Required work —
Before returning the data, strip out the pictures and keep everything else exactly the same.

++++++

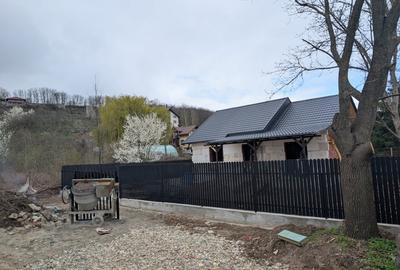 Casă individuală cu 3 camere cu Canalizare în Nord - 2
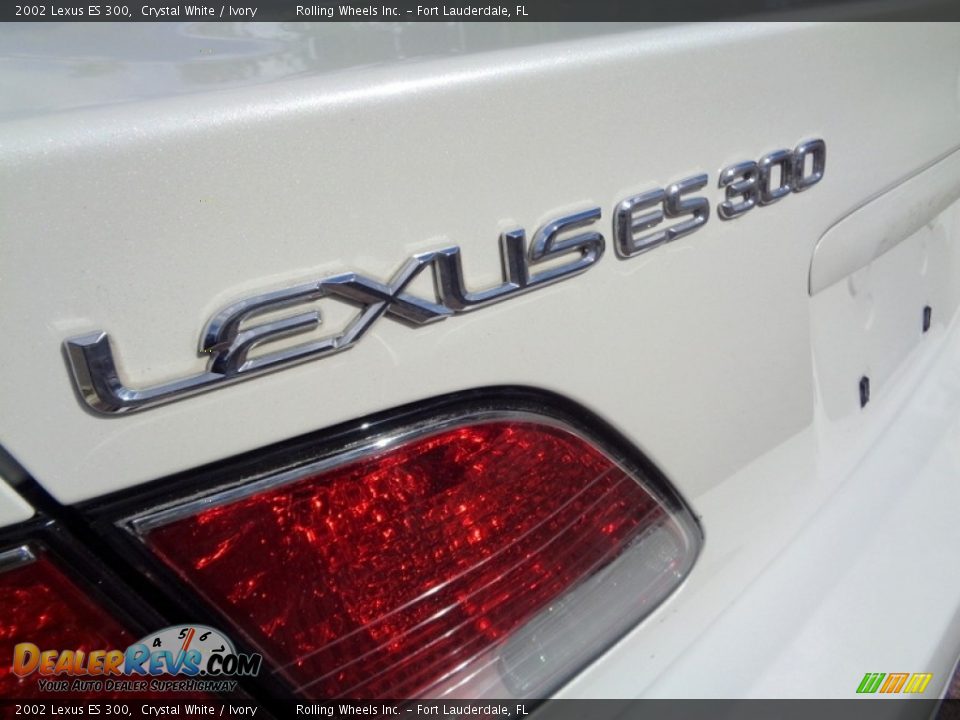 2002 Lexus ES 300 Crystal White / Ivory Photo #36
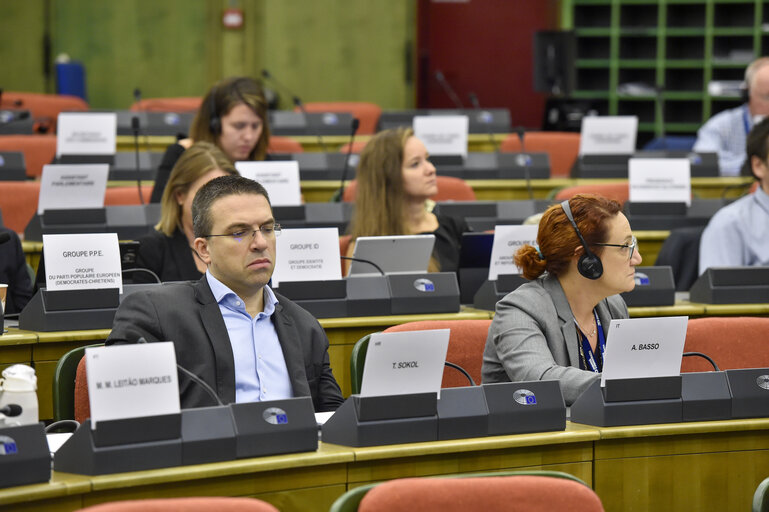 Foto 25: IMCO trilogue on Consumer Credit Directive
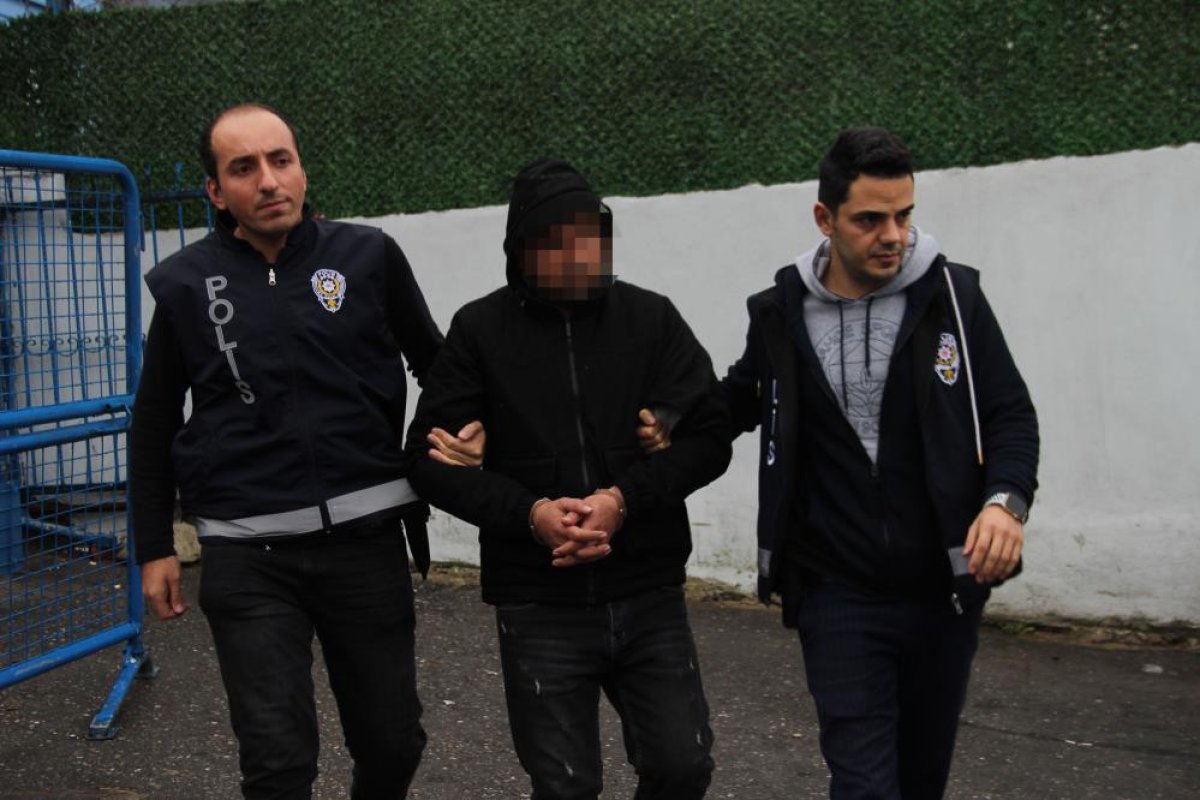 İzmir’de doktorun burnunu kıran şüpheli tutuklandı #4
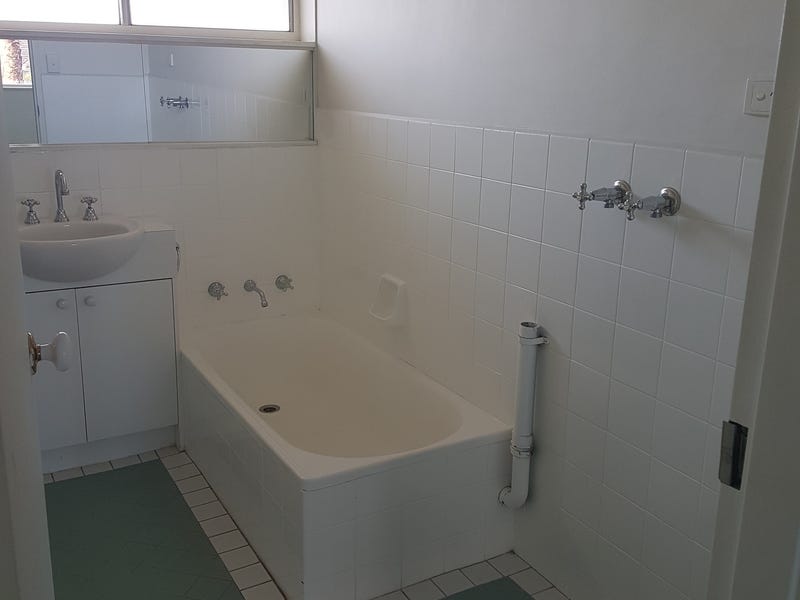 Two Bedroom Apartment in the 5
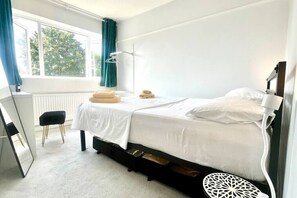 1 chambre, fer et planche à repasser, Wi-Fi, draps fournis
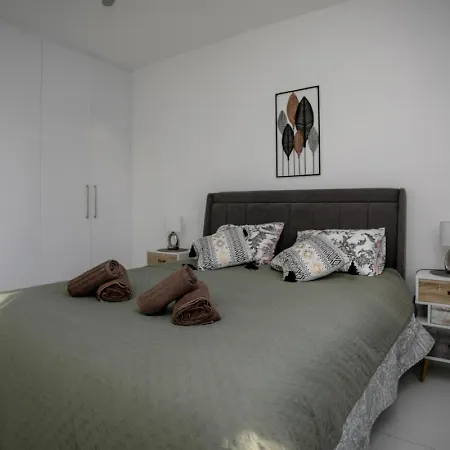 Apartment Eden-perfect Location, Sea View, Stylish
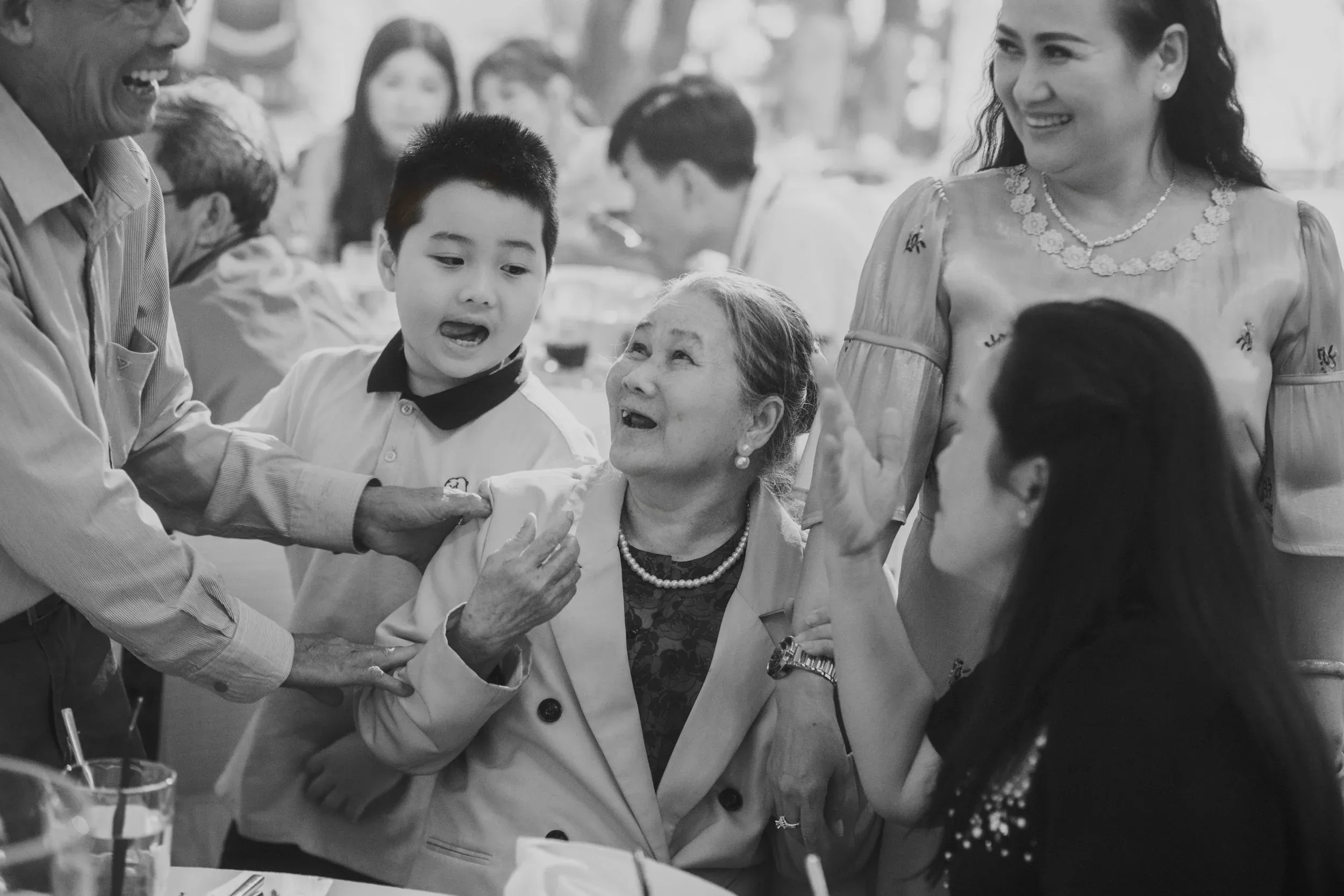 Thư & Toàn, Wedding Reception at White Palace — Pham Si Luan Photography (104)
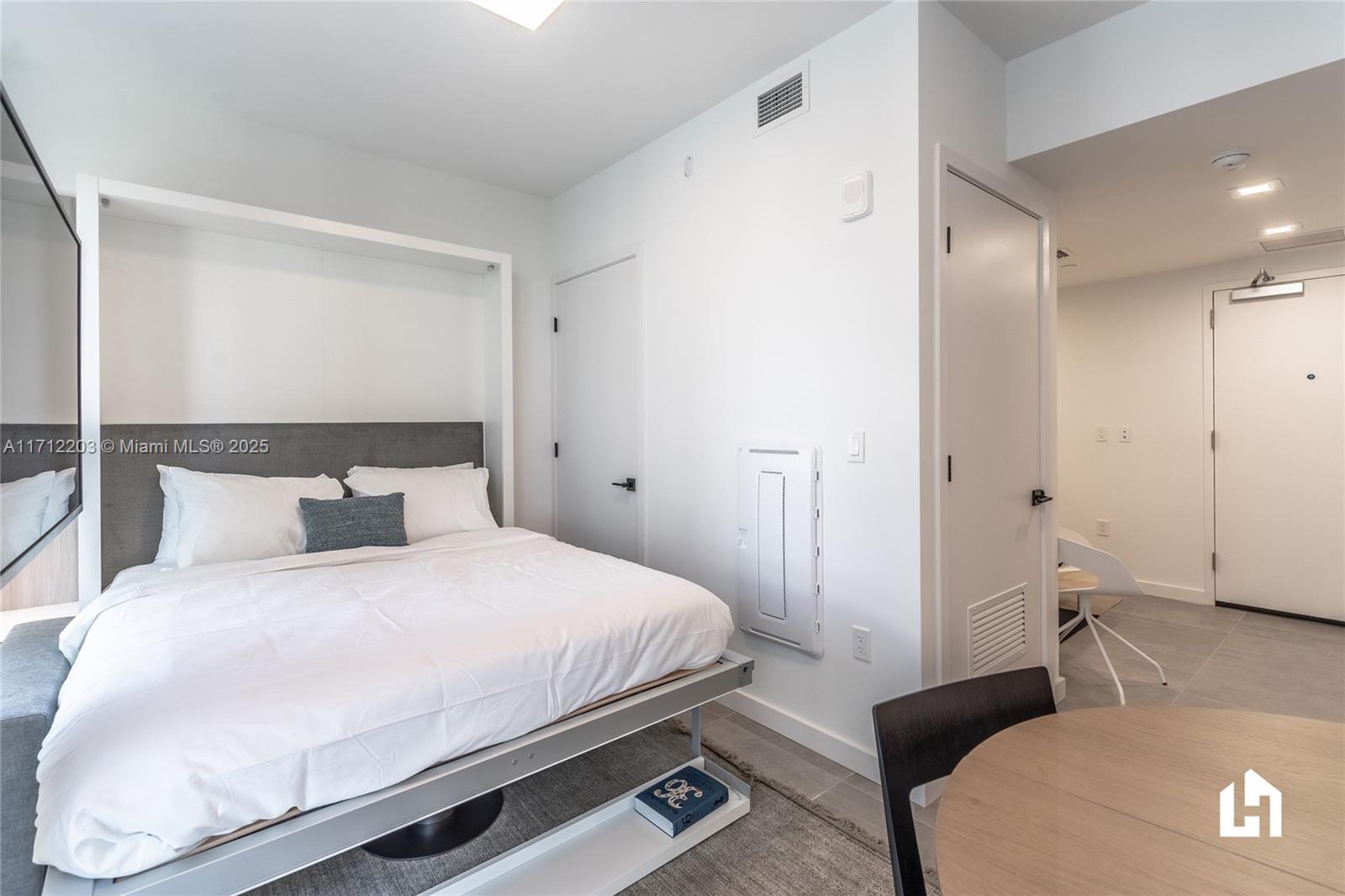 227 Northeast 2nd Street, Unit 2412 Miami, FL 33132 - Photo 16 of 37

++++++

Your solution —
 Casă individuală cu 3 camere cu Canalizare în Nord - 2
 2002 Lexus ES 300 Crystal White / Ivory Photo #36
 Foto 25: IMCO trilogue on Consumer Credit Directive
 İzmir’de doktorun burnunu kıran şüpheli tutuklandı #4
 Two Bedroom Apartment in the 5
 1 chambre, fer et planche à repasser, Wi-Fi, draps fournis
 Apartment Eden-perfect Location, Sea View, Stylish
 Thư & Toàn, Wedding Reception at White Palace — Pham Si Luan Photography (104)
 227 Northeast 2nd Street, Unit 2412 Miami, FL 33132 - Photo 16 of 37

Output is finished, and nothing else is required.